Here's
a response to the quickly shot-down argument that the Big East may try to
take in Maryland and B.C. to improve football (by the way, Maryland A.D. Debbie
Yow and B.C. A.D. Gene DeFilippo both shot it down Thursday afternoon).
The curious thing: "[T]he Big East stands out among the BCS conferences less because of its competitiveness than because of its size. The last major league that fell slightly behind in the polls and in terms of natural interest with only eight schools was the old Southwest Conference, which was ruthlessly carved up and dispatched with by the new order despite very deep roots. With the full-fledged addition of Western Kentucky this year, even the Sun Belt has nine teams, making the Big East officially the smallest conference in Division I-A."
The truth is that it's a schizophrenic conference, with a collection of basketball-only schools and then a group that play football at a moderately serious level. They have 16 for basketball, but just nine for football, and not all of them are that impressive.
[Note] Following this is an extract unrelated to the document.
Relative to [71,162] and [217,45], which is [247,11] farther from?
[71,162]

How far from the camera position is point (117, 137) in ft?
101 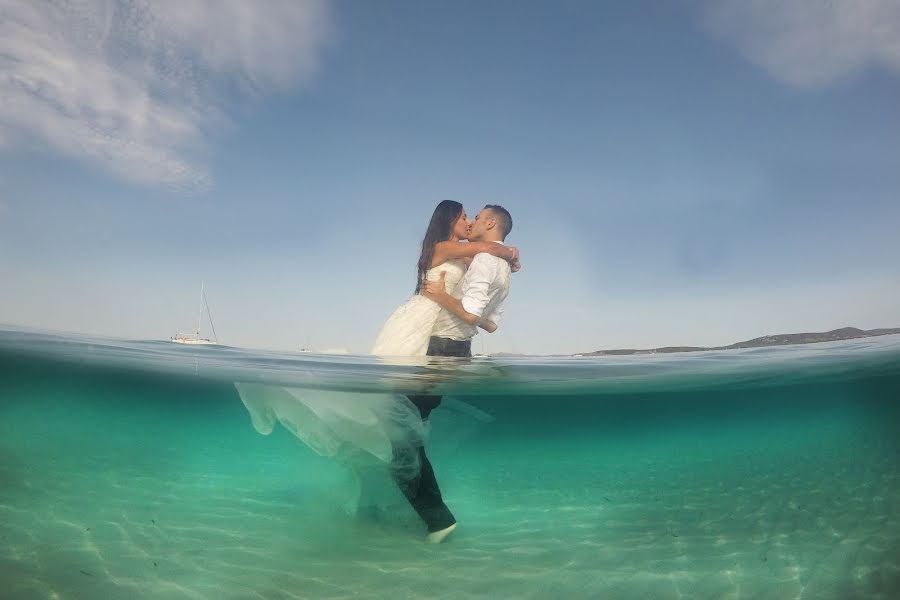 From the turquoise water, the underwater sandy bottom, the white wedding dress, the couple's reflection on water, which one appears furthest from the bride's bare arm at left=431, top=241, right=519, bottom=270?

Pitt, West Virginia and Syracuse are legit and have been for decades, but the rest? Rutgers has been impressive for the first time in memory, UConn is improving, and Louisville is okay but is certainly not guaranteed for the long run.
South Florida is in solely to have a toe left in the Florida market.
But then look at the whole conference: Villanova, Marquette, Providence, Seton Hall, Georgetown, St. John's, DePaul are non-factors in football, and Notre Dame is never going to join a conference unless they have no choice.
Why not just admit that what they're basically trying to do is to graft a BCS presence onto what is in essence a league of urban Catholic schools and let the two halves go their own way? The Big East (hoopswise) could pick up St. Joe's and Xavier and have a superb basketball conference. They could let UConn and Syracuse, and maybe Louisville compete in basketball and find their own solution in football.
It's just such an awkward structure. Eventually it'll have to resolve itself, and the ACC raid may have really just underscored the need.
The revenue splits alone must be a nightmare to work out.